• WORK INSTRUCTION:
From the first line of the records through the line containing "Apartment de 2", retype every line exactly and nothing else.

[Short descriptive text snippets]

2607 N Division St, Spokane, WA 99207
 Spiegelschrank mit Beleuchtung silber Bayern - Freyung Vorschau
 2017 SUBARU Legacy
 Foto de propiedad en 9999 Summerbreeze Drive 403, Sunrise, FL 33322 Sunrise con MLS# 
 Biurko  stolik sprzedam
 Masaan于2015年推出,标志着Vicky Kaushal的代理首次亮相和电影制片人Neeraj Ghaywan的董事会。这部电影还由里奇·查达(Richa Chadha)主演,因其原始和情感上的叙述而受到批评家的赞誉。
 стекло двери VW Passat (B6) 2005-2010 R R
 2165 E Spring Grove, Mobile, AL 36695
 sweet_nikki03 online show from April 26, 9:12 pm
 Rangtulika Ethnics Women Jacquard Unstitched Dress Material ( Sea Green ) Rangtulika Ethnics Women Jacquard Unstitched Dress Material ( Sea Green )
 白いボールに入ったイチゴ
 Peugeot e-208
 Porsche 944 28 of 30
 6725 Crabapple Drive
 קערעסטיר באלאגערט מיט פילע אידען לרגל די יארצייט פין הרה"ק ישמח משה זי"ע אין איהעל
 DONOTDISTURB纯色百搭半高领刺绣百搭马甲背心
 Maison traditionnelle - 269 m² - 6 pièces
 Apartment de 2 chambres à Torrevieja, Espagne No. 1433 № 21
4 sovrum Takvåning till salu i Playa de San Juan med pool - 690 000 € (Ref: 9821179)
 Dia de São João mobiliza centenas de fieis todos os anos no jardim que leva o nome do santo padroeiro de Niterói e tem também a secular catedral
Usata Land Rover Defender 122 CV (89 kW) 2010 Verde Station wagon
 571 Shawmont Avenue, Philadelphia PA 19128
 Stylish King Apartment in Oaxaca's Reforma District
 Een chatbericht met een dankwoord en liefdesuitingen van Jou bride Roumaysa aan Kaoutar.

• SOLVED EXERCISE:
2607 N Division St, Spokane, WA 99207
 Spiegelschrank mit Beleuchtung silber Bayern - Freyung Vorschau
 2017 SUBARU Legacy
 Foto de propiedad en 9999 Summerbreeze Drive 403, Sunrise, FL 33322 Sunrise con MLS# 
 Biurko  stolik sprzedam
 Masaan于2015年推出,标志着Vicky Kaushal的代理首次亮相和电影制片人Neeraj Ghaywan的董事会。这部电影还由里奇·查达(Richa Chadha)主演,因其原始和情感上的叙述而受到批评家的赞誉。
 стекло двери VW Passat (B6) 2005-2010 R R
 2165 E Spring Grove, Mobile, AL 36695
 sweet_nikki03 online show from April 26, 9:12 pm
 Rangtulika Ethnics Women Jacquard Unstitched Dress Material ( Sea Green ) Rangtulika Ethnics Women Jacquard Unstitched Dress Material ( Sea Green )
 白いボールに入ったイチゴ
 Peugeot e-208
 Porsche 944 28 of 30
 6725 Crabapple Drive
 קערעסטיר באלאגערט מיט פילע אידען לרגל די יארצייט פין הרה"ק ישמח משה זי"ע אין איהעל
 DONOTDISTURB纯色百搭半高领刺绣百搭马甲背心
 Maison traditionnelle - 269 m² - 6 pièces
 Apartment de 2 chambres à Torrevieja, Espagne No. 1433 № 21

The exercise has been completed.